=== GIVEN DATA ===

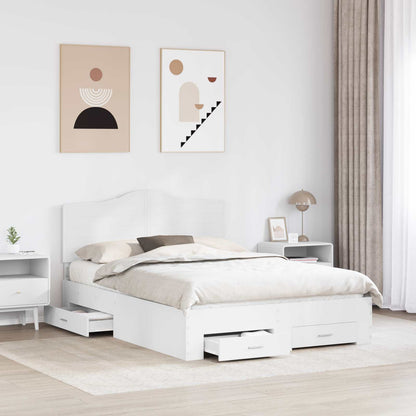 Struttura del letto Bianco 160 x 200 cm Legno multistrato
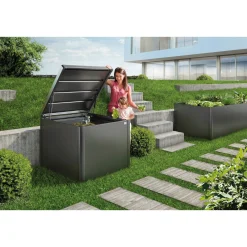 Best Biohort MONAMI KOMPOSTBEHOLDER MØRKEGRÅ METALLIC 1,04 M2
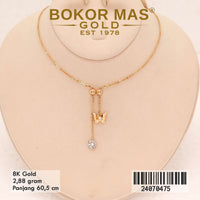 Kalung Emas Siyem Variasi Kupu Juntai - 24070475 - 8K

=== THE PROBLEM ===
Keep every word of the data as it is when you write it out, but drop the pictures.

=== RESPONSE TO THIS TASK ===
 Struttura del letto Bianco 160 x 200 cm Legno multistrato
 Best Biohort MONAMI KOMPOSTBEHOLDER MØRKEGRÅ METALLIC 1,04 M2
 Kalung Emas Siyem Variasi Kupu Juntai - 24070475 - 8K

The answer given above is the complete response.